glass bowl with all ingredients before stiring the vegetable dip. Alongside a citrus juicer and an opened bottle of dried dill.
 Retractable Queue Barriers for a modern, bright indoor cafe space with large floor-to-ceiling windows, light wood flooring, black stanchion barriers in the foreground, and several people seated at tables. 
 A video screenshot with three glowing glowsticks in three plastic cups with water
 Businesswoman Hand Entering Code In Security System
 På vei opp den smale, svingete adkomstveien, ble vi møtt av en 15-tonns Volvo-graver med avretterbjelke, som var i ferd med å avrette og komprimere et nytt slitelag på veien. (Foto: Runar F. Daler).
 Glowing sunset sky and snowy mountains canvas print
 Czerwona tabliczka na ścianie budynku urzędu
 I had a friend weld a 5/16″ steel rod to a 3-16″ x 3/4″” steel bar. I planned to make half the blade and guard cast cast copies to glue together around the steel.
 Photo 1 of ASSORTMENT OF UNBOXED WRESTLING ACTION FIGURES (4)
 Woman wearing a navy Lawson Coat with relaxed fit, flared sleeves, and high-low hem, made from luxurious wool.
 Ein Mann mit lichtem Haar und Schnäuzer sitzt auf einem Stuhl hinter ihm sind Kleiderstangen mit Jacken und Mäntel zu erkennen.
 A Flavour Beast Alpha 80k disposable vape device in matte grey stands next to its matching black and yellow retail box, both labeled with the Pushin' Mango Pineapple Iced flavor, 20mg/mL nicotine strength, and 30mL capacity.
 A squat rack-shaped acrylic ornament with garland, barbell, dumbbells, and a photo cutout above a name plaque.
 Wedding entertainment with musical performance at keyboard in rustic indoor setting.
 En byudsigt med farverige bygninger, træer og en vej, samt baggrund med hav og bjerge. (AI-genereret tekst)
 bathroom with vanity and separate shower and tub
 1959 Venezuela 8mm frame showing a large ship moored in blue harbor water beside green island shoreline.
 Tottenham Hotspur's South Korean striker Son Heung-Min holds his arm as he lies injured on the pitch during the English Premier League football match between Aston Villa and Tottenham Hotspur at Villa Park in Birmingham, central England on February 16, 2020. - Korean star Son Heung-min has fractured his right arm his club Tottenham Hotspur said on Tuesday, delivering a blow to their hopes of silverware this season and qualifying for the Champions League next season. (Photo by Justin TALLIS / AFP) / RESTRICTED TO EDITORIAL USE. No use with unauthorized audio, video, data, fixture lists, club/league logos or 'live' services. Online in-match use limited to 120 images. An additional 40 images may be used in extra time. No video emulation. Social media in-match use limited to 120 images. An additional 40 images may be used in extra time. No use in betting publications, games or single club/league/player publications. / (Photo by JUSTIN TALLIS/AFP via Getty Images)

☆ ☆ ☆

Write down how many lines of the data above contain the word "video", with nothing else.

2